USTC Astronomy Colloquium Series: 2021 Fall
Where are the 4.8% baryons in the Universe?
Yin-Zhe Ma  教授
University of KwaZulu-Natal
2021/11/2, 4:00pm , 腾讯会议号:361 476 941
报告人:
Professor Yin-Zhe Ma obtained his Bachelor degree in Physics from Nanjing University, a master degree from Institute of Theoretical Physics at Chinese Academy of Sciences (supervisor: Prof. Rong-Gen Cai), and a PhD degree in Astronomy from University of Cambridge (supervisor: Prof. George Efstathiou FRS). He conducted CITA National Fellowship at University of British Columbia Canada and a research associate at University of Manchester, and then moved to University of KwaZulu-Natal South Africa as a faculty. He chairs the NAOC-UKZN Computational Astrophysics Centre and Chinese-South African Forum of Astronomy. He also serves as an adjunct professor at the Purple Mountain Observatory China, and National Astronomical Observatory China.His research focusses on observational and theoretical cosmology aimed at understanding the fundamental laws of the Universe and uncovering the nature of dark energy and dark matter. He is currently a core-member of the Square Kilometer Array (SKA) team, the Planck science team, the Hydrogen Epoch Reionization Array (HERA), CMB Stage-4 experiment, LSST (Vera C. Rubin Observatory) and an external collaboration member with ESO's KiDS survey. He has published over 100 papers, with total citation exceeded 13000, h-index 42. He was awarded the NSFC Oversea Scholar grant.
摘要:
Previous studies of galaxy formation have shown that only 10 per cent of the cosmic baryons are in stars and galaxies, while 90 per cent of them are missing.
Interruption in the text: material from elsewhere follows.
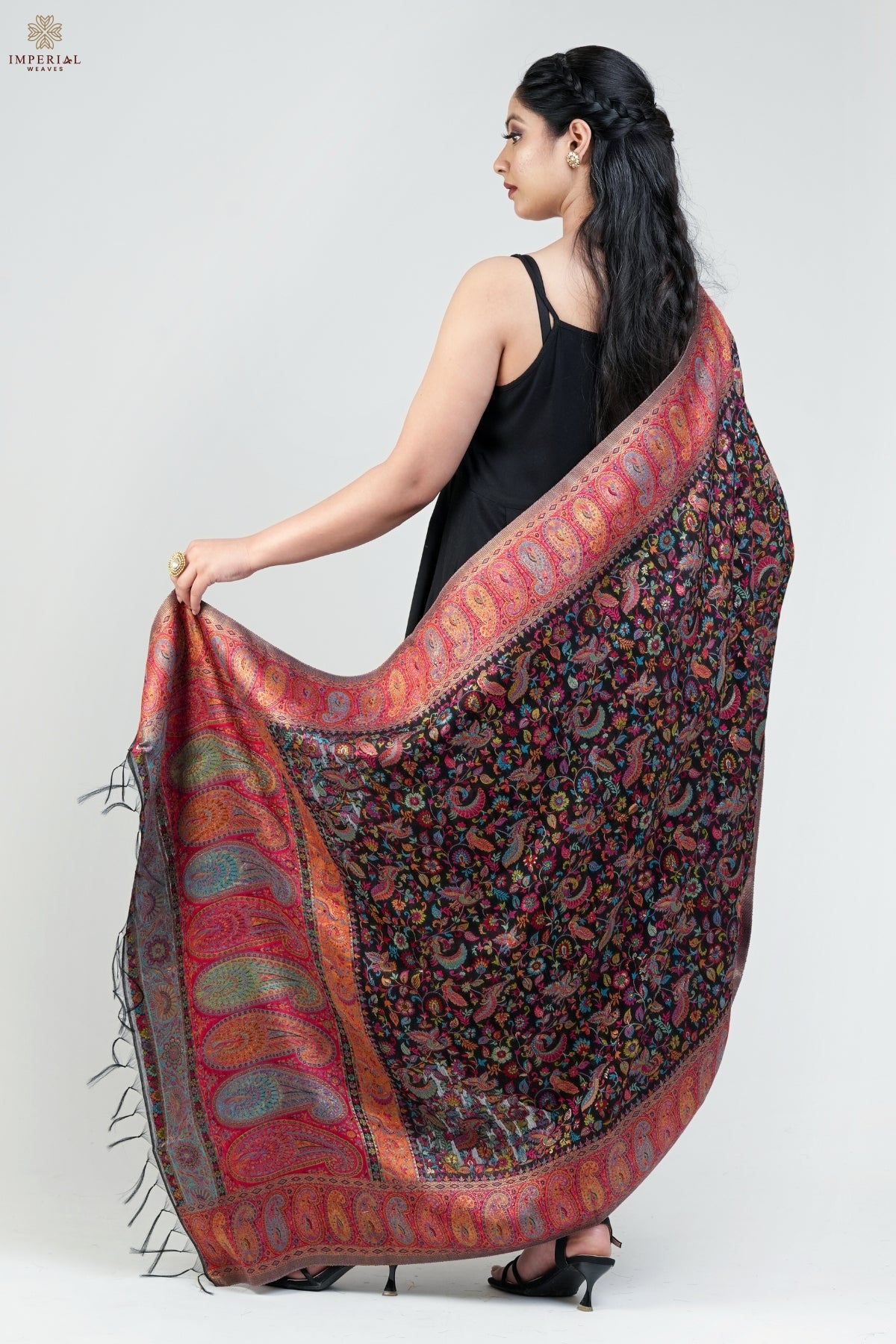 Black Kani Kalamkari Silk Dupatta - Imperial Weaves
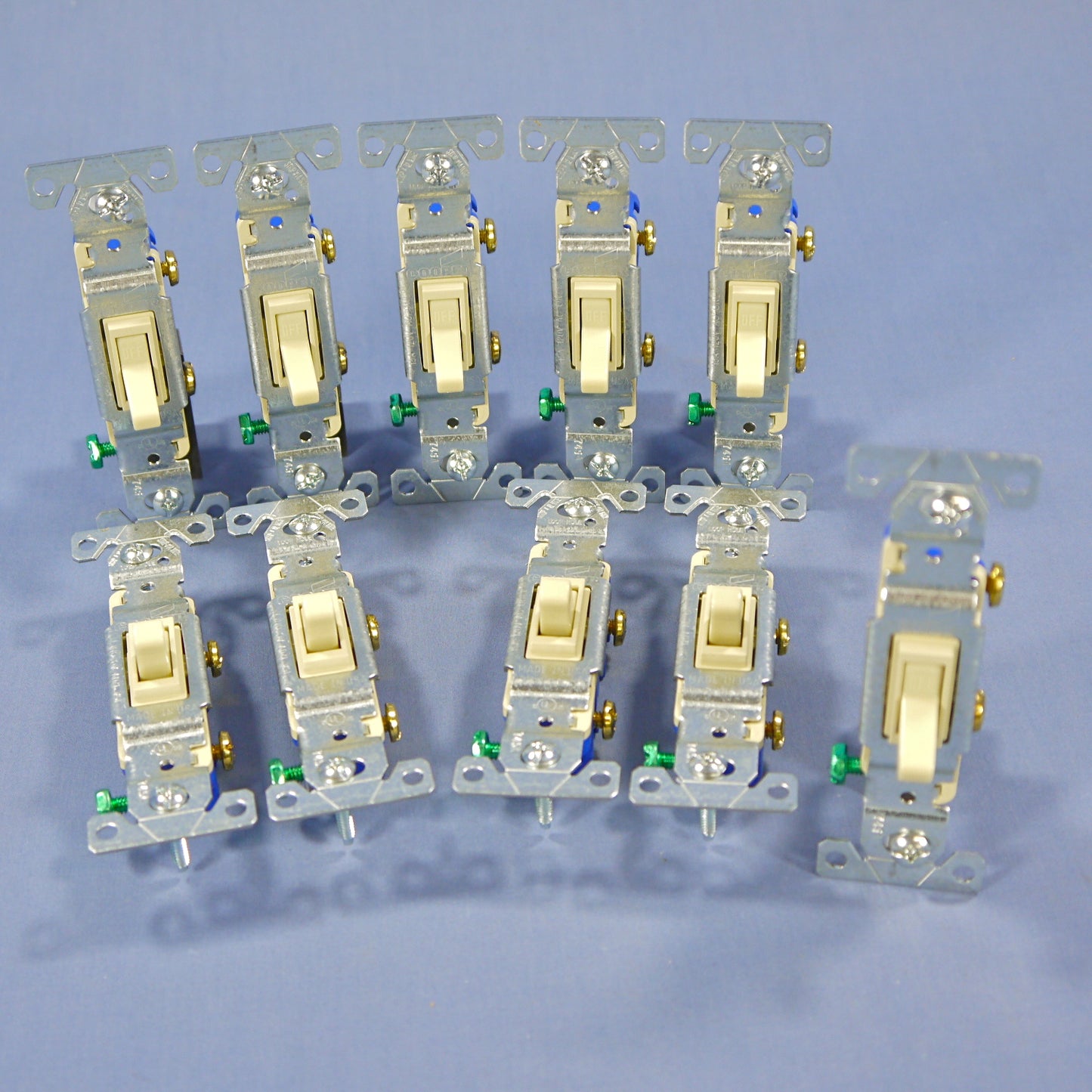 Cooper 1301-7V Ivory Toggle Wall Light Switches Single Pole 15A 120V 10-Pack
In this talk, I will present three observational studies that coherently find significant evidences of the missing baryons. The first is the cross-correlation between the kinetic Sunyaev-Zeldovich maps from Planck with the linear reconstructed velocity field. We find significance (4.6 sigma) detection of the peculiar motion of gas on Mpc scales, for which we can reconstruct the baryon fraction. The second study is the cross-correlation between the thermal Sunyaev-Zeldovich effect with gravitational lensing map and we detect the cross-correlation for 13 sigma with RCSLenS and Planck data. The third study is to stack the pairs of luminous red galaxies and subtract the halo contribution, which leads to the detection of gas within filaments. These detections coherently brings a picture of how baryons distribute in the cosmic web. I will briefly describe how these studies can be improved with CMB-S4 observations.